# smoking cordless battery??



## hvaclover (Oct 2, 2008)

Was the battery of legal age to smoke?:huh:



Ok it sucked,,,sue me


----------



## 794613 (Dec 20, 2007)

What model battery and drill? I just bought a Ryobi set and am very curious.


----------



## DangerMouse (Jul 17, 2008)

one+ battery, older 18v drill

DM


----------



## 794613 (Dec 20, 2007)

Ok, I've got the same battery and drill set. I just picked it up yesterday. If you don't mind, keep this thread updated as to what comes of this. I'm not expecting a professional grade tool with Ryobi, but I'd at least like something that isn't going to be a fire hazard. 

Thanks DM,
- James


----------



## DangerMouse (Jul 17, 2008)

yeah, really.... i just bought that battery a month or two ago too (can't find reciept, of course). it didn't catch fire though, just smoked a couple minutes and leaked chemical soup....

DM


----------



## aggreX (Aug 15, 2008)

MdangermouseM said:


> i just bought that battery a month or two ago too (can't find reciept, of course). it didn't catch fire though, just smoked a couple minutes and leaked chemical soup...

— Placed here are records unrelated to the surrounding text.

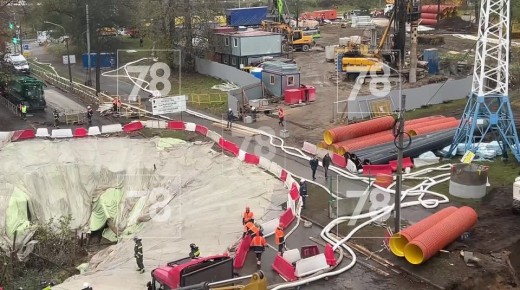 Из-за аварии на Выборгском канализационном коллекторе сточные воды попали в Муринский ручей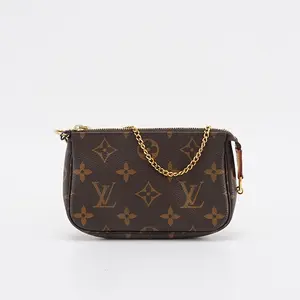 Pre-owned Louis Vuitton pvc Crossbody Bags Pochette Accessoires Monogram Canvas Mini BGP227328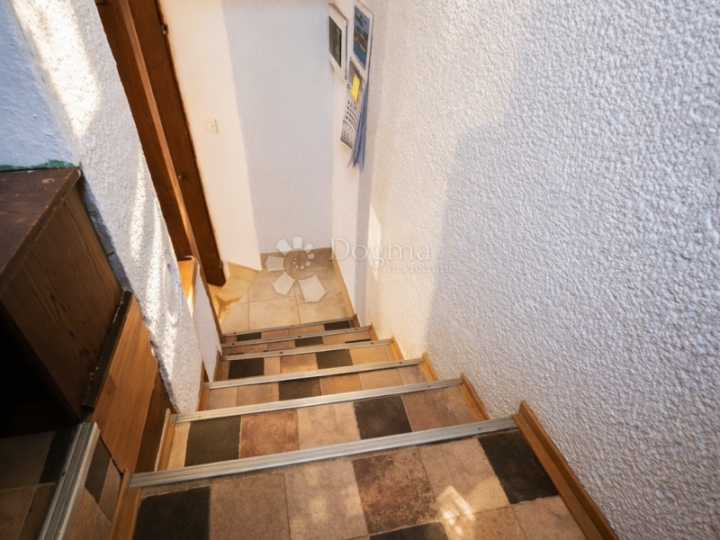 Rovinj, kuća s dva apartmana, 800 m od mora – idealno za najam i život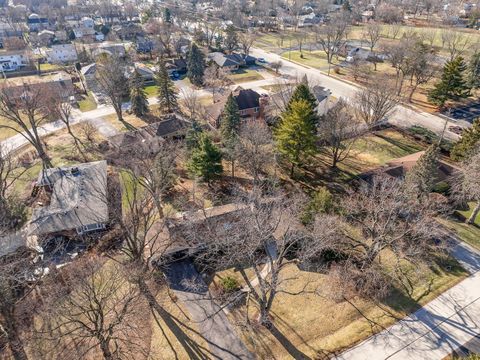 Tiny photo for 921 60th Place, Downers Grove, IL 60516 (MLS # 12536550)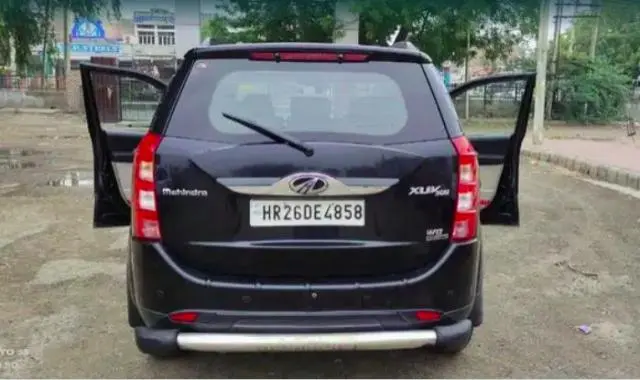 Mahindra XUV500 W8 AWD 2011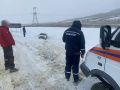 Крымские спасатели за минувшие сутки трижды эвакуировали автомобили из заносов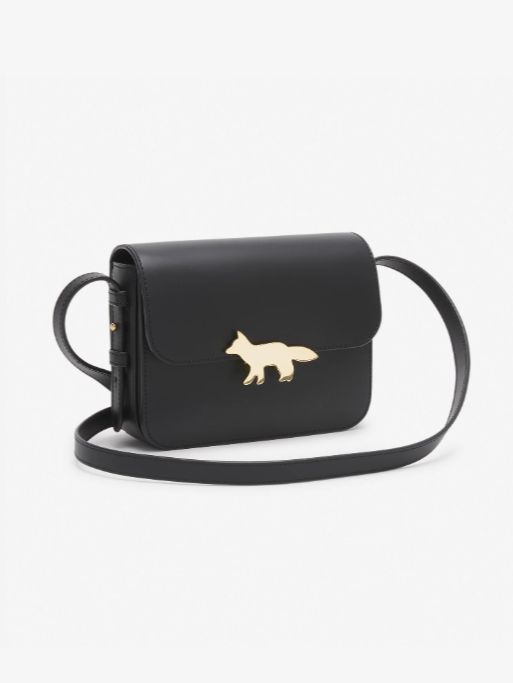 Maison Kitsune スニーカー 〜ナヨン（TWICE）さん着用〜 Maison Kitsune スニーカー 〜ナヨン（TWICE）さん着用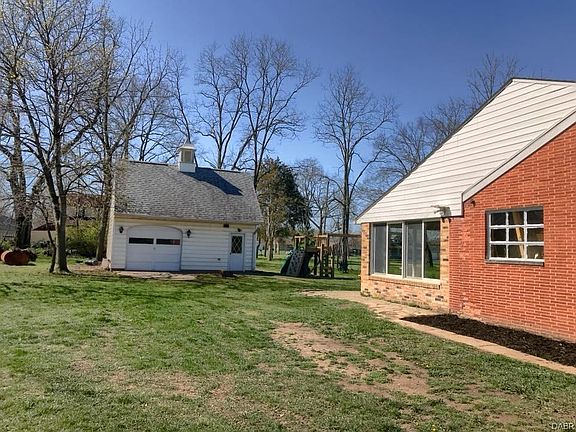 3rd image of 6232 Cedar Ln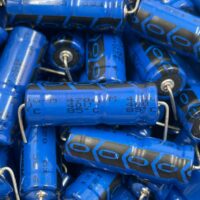 QTY 30 - MAL202190514E3 Vishay 021KO Capacitors 470uF 40V 20% 10X25MM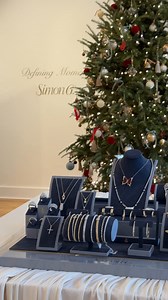 NYC, our holiday shop is now open! Handmade wreaths, baked goods, hot cocoa & fine jewelry with special pricing 💍🎄🍰🎀 Today & Tomorrow 10-5. 15 W 28th St. 4R NY, NY 10001 #NYCPopUp #NYCHolidayMarket | Simon G. Jewelry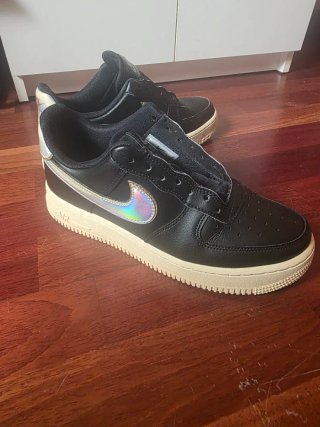 Nike Air Force 1 Low Negro Dorado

Ryobi has a two year warranty so hopefully they can determine from the serial number on the battery the exact manufacture date and provide you a replacement. Mine is over three years old and the batteries are weaker but the drill is still performing well as a backup drill. I will probably invest in some Lithium batteries one day since I prefer the blue tools over the lime green ones. Let us know how your experience with Ryobi CS goes......


----------



## MT Stringer (Oct 19, 2008)

Sounds like a defective battery. I took a battery pack apart last year to see what made it tick. It was nothing more than a pack of "C" cell rechargeable batteries. Can't remember how many but it was an old 9.6 volt DeWalt that wouldn't hold a charge any more. Pretty interesting and simple.

With that only experience to go by, it sounds like one of the batteries in your pack was defective and caused the leak, or something like that.

Good luck.
Mike


----------